Special Session on Education in Mathematical Biology, chaired by
Dr. Gross at the Annual Meeting of the Society for Mathematical Biology
at the Free University, Amsterdam, The Netherlands, June 29-July 3, 1999
at no cost to this project. Dr. Gross presented a paper on the project
"Quantitative Training in the Life Sciences: Designing an Undergraduate
Curriculum in Computational Biology", and led a separate group discussion
on mathematics for biology students.
Poster presented by Susan Harrell at the Annual Meeting of the Ecological
Society of America, Spokane, Washington, August 9, 1999, partially
supported by this project. Poster title was "Improving the quantitative
skills of life sciences students through General Biology reform" and
provided a summary of the efforts on this project. Poster content is
available on the project home page.
Home Page: In addition to basic information about the project and the
collection of modules developed, this contains a page with an extensive
collection of links to ongoing reform projects in General Biology
education developed as an aid to this project. It also contains
links to a wide variety of ongoing projects devoted to quantitative
training in the life sciences, developed in collaboration with the
Education Committee of the Society for Mathematical Biology. Location is
http://www.tiem.utk.edu/bioed/
Activities for Second Year of the Project:
The major efforts will be:
1. Completion of a first draft of the Primer of Quantitative Biology.

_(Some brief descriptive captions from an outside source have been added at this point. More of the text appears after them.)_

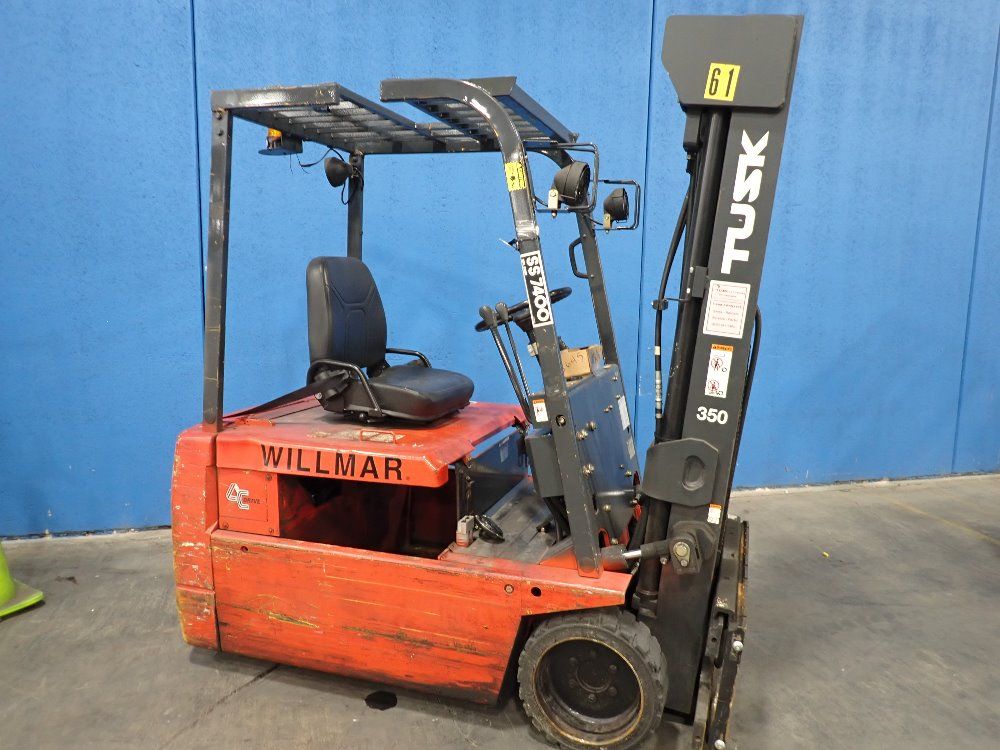 Tusk Lift 2800# Electric Forklift - 350-mbs-3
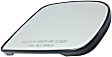 Driver and Passenger Side Mirror Glass, Non-Heated, Non-Towing, With backing plate, Includes (2) Mirror Glasses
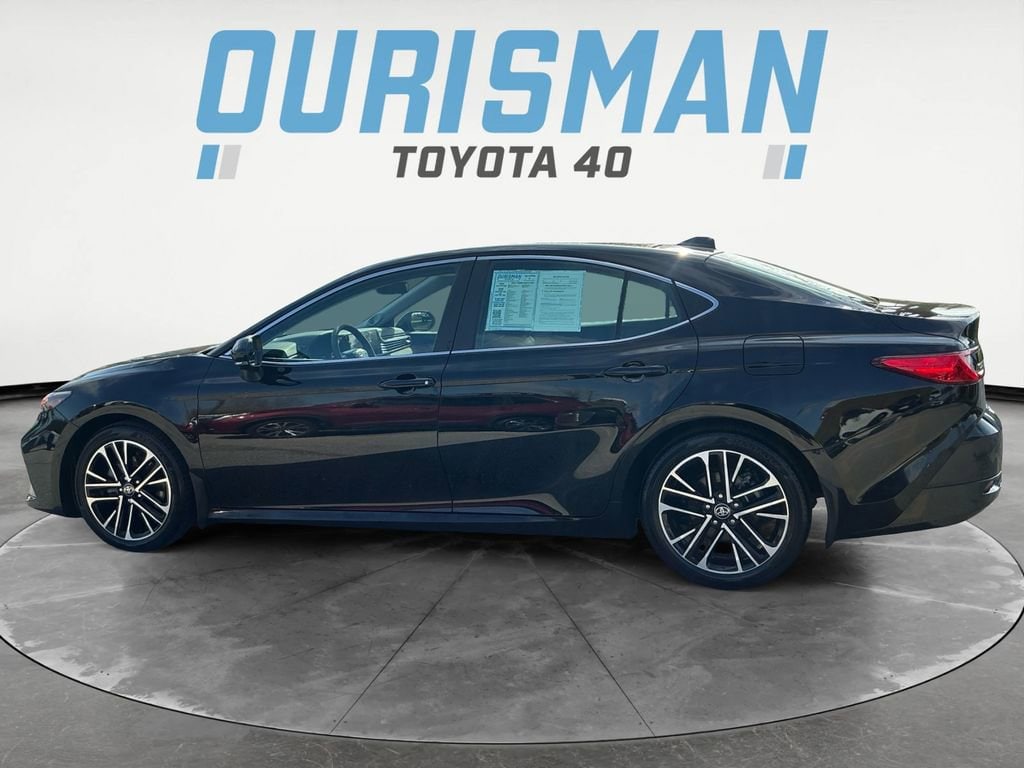 Used 2025 Toyota Camry XLE Sedan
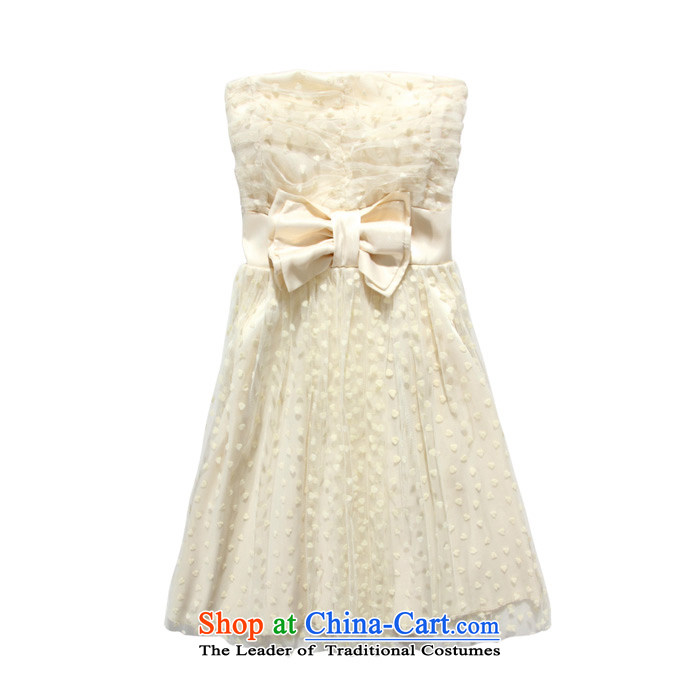  The Korean version of Princess van Jk2.yy Foutune of short, bridesmaid mission dress wiping the chest pink dresses are code picture, prices, brand platters! The elections are supplied in the national character of distribution, so action, buy now enjoy more preferential! As soon as possible.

This will include the development of additional modules particularly
in the areas of Ecology and Evolution.
2. Use of the modules in the Biodiversity component of the general biology
sequence taught by Dr. Riechert during Fall semester. This will include
the competency evaluation and the evaluation of course materials.
Additionally, specific modules will be developed to link with the
the laboratory component of this course.
3. Use of the modules in the Cell Biology component of the general biology
sequence by Dr. Schwarz in conjunction with efforts to modify the
laboratory component of this course to further enhance the quantitative
concepts and skills expected of students.